Updated Title: UDQ4_K_XL - Great Rust coder
Hi team,
- Ubuntu 24.04.02 LTS
- RTX 5090 (575.64.03)
- Cline
- Ollama 0.10.1
- Flash Attention on
- KV Cache FP16 (140k context) and Q8_0 (240k context)
- UDQ4_K_XL
The model is really good at coding & debugging the first 40k tokens. Above that it starts to default to "simple solutions" if it can't fix straight away, by taking some essential code - in most cases not breaking it.
As soon it it starts to reach 100k Cline starts to hang a lot between requests, to the point it times-out my 30s trigger. Despite having around 140t/s throughout, the model never attempts to reach the max context. The behavior is the same whether I max out with FP16@140k or Q8_0@240k, or even reducing at 90/100k context.
I've tried using Roo Code, Continue.dev, Qwen-Code CLI but none of them work due bad tool calls. I haven't tried exhausting the context with Ollama yet.
I will try using a different quant, and also I'm going to attempt using the 1 million context model restricted at 240k if it's any worth.
If you need more details, give a shout.
did you find any improvements using different quants?
Yes.
I tried a different provider for similar Q5_K_XL quant and the behavior was the same with both Q8 and FP16 KV Cache.
Then, I tested Unsloth's 1 million context model with UDQ4_K_XL quant with Q8 KV Cache, it was able to go through 160k context. Didn't go higher as my work was completed by then.
However, it got significantly slower as it climbed over 100k, making it theoretically quicker to finish if I had restarted the session with fresh context. I could maybe extend the context up to 500k @ Q4 KV Cache with my VRAM, but I don't think it would get there with Cline.
Thank you for your response! Could you please also paste the command parameters for starting it with increased context? Is rope setting needed?
As stated in model card, 256k context window is native. The 1 million parameter is another GGUF Unsloth has - different from the one we're chatting. They made it integrated to run that max.
Update.
I mislead myself using nvidia-smi to check total load upfront. The UDQ4_K_XL doesn't actually run on 240k context window on 30GB VRAM with Q8_0 KV Cache.

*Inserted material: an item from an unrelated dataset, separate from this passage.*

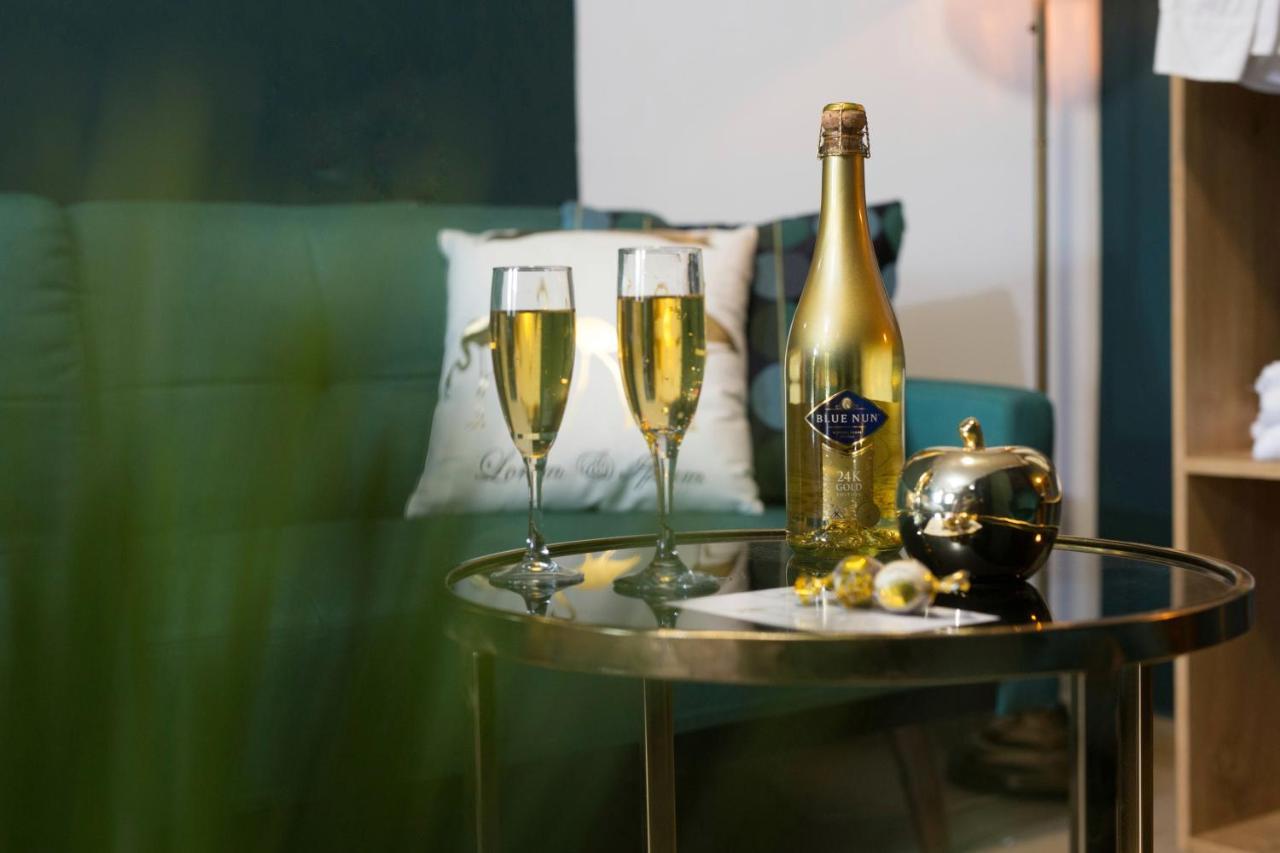 Hotel La Finca - Luxury Suites Hotel Беэр-Шева Экстерьер фото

Roughly 60k context window is actually used on VRAM before offloading into CPU. I was under the impression the model was losing performance above this number, when it was actually being loaded into RAM without showing on HTOP, but heavier signs of CPU usage as we reached +60k threshold. The ghost RAM usage could only be seen through Ollama's container RAM usage, as it was loaded upfront without showing signs through regular means.
That being said, the model works fine up to 120k before it becomes too slow for coding. It performs best in Cline in my experience, and I'm a CLI fan. The checkpoints are massively useful.
Occasionally, the model has strange tendencies to avoid fixing complex problems above 60k, or wants to delete the complex problems by replacing them with comments or over-simplified snippets, instead of finding a corrective, proper implementation. Not great for those code-vibing to death. Supervision is necessary.
However, it has been the best model I've ever used for coding locally, and I'm using it on a +10k lines codebase in Rust, and the least amount of reliance on SOTA closed source models.
I can say UDQ4_K_XL has been the best performer in comparison to a i1Q5_K_XL.
In my senior Rust testing prompts, Q8_0 KV Cache performs as good as FP16. Going towards Q4_0 is not advisable as the output quality degrades significantly. Any extra context window gained from Q4_0 is diminished by the loops the model has to perform to fix its own outputs.